Formin-mediated actin polymerization affect nano- as well as meso-scale distribution and turnover of CD44. (a, b) Total intensity and anisotropy images of cells expressing CD44-GFP expressed in CHO cells treated with formin inhibitor (SMIFH2 for 30 min; Con [n] = 19 fields, Treatment [n] = 13 fields, p < 10^-5). (c) Plot describing fraction of localizations detected on the meshwork in control cells compared with formin inhibited condition (p < e^-8). (d) Plot depicting time evolution of meso-scale domains on vehicle (DMSO) vs. formin inhibitor treatment. The x-axis depicts time as 2 s sliding window (depicted as frame number) and the y-axis depicts confinement area. (e) Plot depicting confinement area of the mesoscale domains in formin-perturbed cells compared with untreated ones do not exhibit detectable differences. (DMSO [n] = 12 cells, SMIFH2 [n] = 9 cells).

FIGURE 8:

Proposed model for plasma membrane organization of CD44. In the cell membrane an ROI is outlined to show the distribution of monomers as well as clusters of CD44 receptors.
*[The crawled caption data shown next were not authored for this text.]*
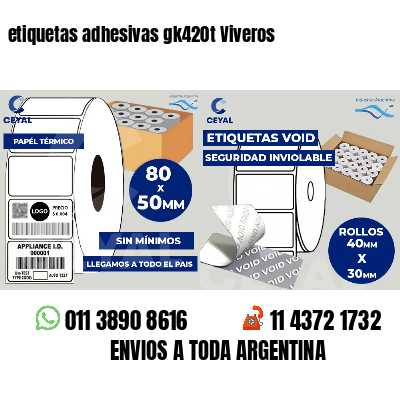 etiquetas adhesivas gk420t Viveros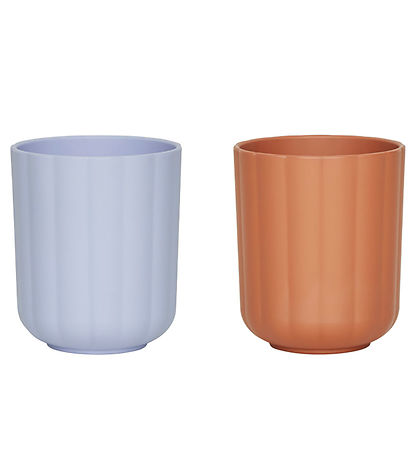 OYOY Becher - 2er-Pack - Pullover - Caramel/Ice Blue
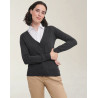 CARDIGAN FEMME COL VR-715F-0Russell Collection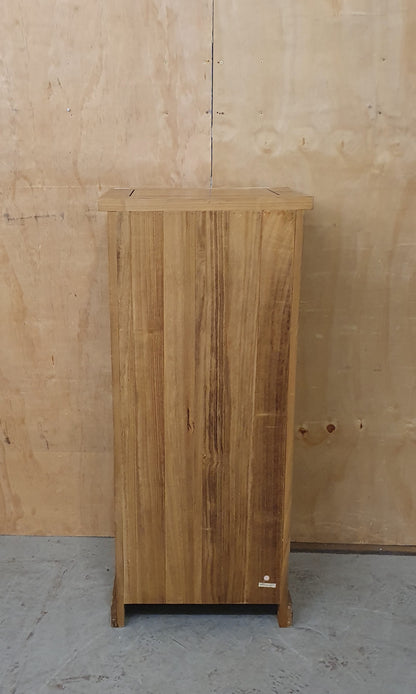 5 Drawer Wood Tallboy with Round Wood Handles - 103563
Nanoclustered receptors are shown coupled to actin cytoskeletal elements by adaptors such as ezrin/ankyrin (see zoomed-in nanocluster) interspersed with unattached CD44 molecules. The clusters of receptors are depicted as being driven by the action of formin polymerized actin filaments and myosin driven actin motility (molecules not depicted in the schematic). The meso-scale domains are CD44 localization hotspots identified in our experiment that are characterized by their close association with nanoclusters of the protein. The emerging meso-scale meshwork of the cell membrane receptor (depicted by the orange dotted line) may reflect the cytoskeletal meshwork juxtaposed to the plasma membrane.